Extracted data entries
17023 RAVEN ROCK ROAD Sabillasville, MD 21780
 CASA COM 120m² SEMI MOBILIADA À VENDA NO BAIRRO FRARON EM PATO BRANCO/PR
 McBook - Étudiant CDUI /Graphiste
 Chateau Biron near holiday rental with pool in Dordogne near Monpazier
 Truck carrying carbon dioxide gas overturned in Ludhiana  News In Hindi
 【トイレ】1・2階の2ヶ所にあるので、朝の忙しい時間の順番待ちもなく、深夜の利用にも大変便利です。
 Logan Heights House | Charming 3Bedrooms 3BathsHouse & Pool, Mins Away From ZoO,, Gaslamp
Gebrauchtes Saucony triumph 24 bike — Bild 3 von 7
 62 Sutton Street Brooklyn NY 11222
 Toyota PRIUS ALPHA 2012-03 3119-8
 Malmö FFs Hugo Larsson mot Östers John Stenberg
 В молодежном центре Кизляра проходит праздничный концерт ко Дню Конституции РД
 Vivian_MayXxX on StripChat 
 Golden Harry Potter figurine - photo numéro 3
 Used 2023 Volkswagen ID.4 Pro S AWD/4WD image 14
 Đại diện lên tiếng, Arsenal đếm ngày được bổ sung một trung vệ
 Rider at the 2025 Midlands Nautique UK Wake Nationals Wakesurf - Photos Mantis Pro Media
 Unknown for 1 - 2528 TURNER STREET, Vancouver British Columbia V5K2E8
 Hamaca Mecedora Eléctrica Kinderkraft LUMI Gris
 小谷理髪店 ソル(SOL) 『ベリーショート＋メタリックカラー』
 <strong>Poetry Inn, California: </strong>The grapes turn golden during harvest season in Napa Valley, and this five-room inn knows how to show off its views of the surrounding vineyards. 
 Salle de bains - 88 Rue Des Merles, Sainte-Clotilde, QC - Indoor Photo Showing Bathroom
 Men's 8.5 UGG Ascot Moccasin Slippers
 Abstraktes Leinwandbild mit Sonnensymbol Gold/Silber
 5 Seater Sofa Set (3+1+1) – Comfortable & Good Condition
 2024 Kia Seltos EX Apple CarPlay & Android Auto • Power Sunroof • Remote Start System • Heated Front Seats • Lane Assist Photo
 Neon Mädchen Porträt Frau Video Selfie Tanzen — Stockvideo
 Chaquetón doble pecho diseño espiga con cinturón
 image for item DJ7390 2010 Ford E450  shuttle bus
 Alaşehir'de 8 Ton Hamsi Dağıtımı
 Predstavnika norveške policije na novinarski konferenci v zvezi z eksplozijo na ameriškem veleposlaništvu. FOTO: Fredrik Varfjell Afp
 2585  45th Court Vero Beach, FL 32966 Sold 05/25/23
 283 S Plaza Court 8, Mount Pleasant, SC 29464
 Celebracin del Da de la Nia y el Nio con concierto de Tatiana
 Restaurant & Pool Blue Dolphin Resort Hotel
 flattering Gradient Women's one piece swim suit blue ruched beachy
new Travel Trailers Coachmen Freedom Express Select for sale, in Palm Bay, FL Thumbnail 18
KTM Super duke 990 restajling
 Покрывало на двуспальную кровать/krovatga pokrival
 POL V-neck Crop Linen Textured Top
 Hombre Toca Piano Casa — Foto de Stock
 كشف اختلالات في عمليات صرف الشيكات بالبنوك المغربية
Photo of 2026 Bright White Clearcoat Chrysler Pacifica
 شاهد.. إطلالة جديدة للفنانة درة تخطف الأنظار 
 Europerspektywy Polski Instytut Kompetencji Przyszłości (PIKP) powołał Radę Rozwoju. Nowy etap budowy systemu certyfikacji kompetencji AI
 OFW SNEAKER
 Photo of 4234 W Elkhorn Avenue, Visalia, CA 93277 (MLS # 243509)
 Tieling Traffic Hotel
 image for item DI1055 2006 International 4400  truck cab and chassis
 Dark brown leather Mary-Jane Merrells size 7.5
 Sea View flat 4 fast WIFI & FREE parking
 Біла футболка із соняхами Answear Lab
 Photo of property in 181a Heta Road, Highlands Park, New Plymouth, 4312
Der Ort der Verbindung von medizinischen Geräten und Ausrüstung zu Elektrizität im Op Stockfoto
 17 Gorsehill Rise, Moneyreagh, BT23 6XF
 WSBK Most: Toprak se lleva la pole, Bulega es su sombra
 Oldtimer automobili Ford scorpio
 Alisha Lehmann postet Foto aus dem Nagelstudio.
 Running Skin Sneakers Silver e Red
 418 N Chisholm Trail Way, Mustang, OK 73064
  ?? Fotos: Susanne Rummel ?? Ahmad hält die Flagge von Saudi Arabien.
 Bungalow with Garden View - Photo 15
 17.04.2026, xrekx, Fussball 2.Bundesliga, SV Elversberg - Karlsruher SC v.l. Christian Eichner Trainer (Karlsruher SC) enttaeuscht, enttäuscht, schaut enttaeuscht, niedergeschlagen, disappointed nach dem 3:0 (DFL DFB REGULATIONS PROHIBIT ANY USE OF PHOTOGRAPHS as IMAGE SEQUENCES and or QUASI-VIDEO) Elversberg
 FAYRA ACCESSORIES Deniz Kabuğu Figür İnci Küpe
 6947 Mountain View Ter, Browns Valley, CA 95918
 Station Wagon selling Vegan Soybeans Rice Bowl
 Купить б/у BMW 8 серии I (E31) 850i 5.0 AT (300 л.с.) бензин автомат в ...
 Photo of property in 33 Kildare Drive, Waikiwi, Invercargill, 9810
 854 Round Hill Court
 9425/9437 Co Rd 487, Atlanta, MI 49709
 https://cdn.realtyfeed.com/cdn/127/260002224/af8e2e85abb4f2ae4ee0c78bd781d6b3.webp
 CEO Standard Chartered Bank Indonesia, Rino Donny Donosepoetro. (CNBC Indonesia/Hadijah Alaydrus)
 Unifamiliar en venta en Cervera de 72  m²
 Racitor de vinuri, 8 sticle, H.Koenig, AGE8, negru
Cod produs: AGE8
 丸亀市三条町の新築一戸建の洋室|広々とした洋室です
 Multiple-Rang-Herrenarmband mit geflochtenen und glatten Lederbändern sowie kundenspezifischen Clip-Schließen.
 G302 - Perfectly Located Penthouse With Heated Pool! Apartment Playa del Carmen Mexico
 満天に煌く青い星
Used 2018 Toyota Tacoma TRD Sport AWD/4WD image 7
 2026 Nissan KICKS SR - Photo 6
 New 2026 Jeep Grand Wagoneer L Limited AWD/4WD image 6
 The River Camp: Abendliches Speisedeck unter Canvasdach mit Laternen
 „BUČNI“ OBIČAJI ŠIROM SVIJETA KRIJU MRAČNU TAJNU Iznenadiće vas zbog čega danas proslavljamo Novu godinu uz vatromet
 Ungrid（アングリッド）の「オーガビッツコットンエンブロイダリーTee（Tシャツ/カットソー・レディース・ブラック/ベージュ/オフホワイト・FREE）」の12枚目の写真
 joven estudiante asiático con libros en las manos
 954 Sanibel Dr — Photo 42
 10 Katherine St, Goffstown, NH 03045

**Task description**
Using the records above, set down exactly the lines from the one with "Vivian_MayXxX on StripChat" through the one with "小谷理髪店 ソル(SOL) 『ベリーショート＋メタリックカラー』", inclusive, and nothing more.

**Reply**
 Vivian_MayXxX on StripChat 
 Golden Harry Potter figurine - photo numéro 3
 Used 2023 Volkswagen ID.4 Pro S AWD/4WD image 14
 Đại diện lên tiếng, Arsenal đếm ngày được bổ sung một trung vệ
 Rider at the 2025 Midlands Nautique UK Wake Nationals Wakesurf - Photos Mantis Pro Media
 Unknown for 1 - 2528 TURNER STREET, Vancouver British Columbia V5K2E8
 Hamaca Mecedora Eléctrica Kinderkraft LUMI Gris
 小谷理髪店 ソル(SOL) 『ベリーショート＋メタリックカラー』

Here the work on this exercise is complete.